▶ SOURCE INFORMATION
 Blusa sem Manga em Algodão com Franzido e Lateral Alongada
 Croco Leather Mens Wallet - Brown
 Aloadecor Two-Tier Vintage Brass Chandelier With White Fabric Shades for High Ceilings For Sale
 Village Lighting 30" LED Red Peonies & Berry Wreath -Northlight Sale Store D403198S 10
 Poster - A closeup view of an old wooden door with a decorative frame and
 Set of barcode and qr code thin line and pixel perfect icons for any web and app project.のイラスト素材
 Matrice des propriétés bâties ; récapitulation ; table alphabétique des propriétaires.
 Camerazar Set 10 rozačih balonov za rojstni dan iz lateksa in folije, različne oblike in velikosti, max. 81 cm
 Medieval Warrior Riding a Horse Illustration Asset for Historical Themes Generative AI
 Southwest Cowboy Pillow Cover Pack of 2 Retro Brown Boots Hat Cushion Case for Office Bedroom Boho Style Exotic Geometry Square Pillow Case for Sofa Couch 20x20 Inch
--
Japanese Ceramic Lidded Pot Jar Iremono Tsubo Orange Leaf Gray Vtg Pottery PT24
* * *
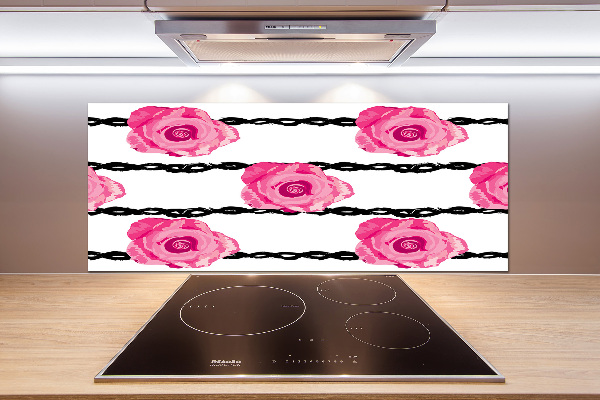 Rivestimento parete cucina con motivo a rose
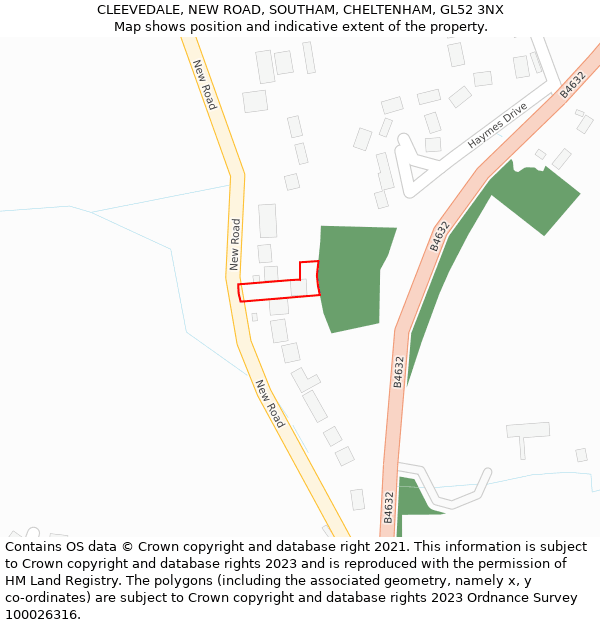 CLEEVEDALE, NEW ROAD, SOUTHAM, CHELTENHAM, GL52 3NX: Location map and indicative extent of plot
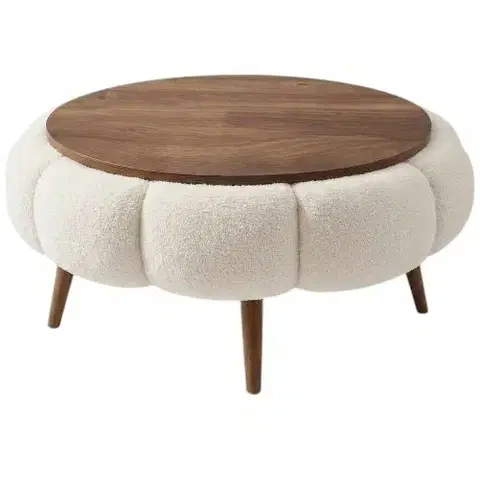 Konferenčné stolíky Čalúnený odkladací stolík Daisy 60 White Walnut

▶ WHAT TO DO
Could you set down, exactly as written, the lines above between the one holding "Croco Leather Mens Wallet - Brown" and the one holding "Store D403198S 10", inclusive, and nothing more?

▶ EXERCISE SOLUTION
 Croco Leather Mens Wallet - Brown
 Aloadecor Two-Tier Vintage Brass Chandelier With White Fabric Shades for High Ceilings For Sale
 Village Lighting 30" LED Red Peonies & Berry Wreath -Northlight Sale Store D403198S 10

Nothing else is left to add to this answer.